**What the task asks**
The "Exterior - 44" line through the end of the listing below is what to set down, word for word, and nothing else.

**Extracted data**
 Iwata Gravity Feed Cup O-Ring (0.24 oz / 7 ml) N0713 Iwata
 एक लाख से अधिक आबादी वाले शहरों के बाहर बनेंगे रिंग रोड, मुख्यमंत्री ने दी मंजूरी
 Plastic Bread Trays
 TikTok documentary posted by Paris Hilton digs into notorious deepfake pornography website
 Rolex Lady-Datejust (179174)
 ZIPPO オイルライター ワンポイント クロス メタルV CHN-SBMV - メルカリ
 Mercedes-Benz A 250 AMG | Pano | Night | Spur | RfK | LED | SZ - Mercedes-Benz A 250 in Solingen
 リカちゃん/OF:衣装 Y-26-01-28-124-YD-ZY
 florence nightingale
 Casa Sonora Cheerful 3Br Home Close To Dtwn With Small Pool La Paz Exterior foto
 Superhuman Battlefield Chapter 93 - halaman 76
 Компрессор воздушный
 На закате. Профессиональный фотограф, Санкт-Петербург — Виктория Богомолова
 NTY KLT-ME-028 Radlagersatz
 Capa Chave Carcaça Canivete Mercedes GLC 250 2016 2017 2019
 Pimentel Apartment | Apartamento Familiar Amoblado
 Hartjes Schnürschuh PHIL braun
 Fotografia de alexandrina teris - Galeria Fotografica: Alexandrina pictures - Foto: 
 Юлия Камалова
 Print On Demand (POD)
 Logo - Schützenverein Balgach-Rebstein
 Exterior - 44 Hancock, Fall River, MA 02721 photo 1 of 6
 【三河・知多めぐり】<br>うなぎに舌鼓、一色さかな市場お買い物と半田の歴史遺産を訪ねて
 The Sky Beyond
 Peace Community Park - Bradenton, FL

**Result for this task**
 Exterior - 44 Hancock, Fall River, MA 02721 photo 1 of 6
 【三河・知多めぐり】<br>うなぎに舌鼓、一色さかな市場お買い物と半田の歴史遺産を訪ねて
 The Sky Beyond
 Peace Community Park - Bradenton, FL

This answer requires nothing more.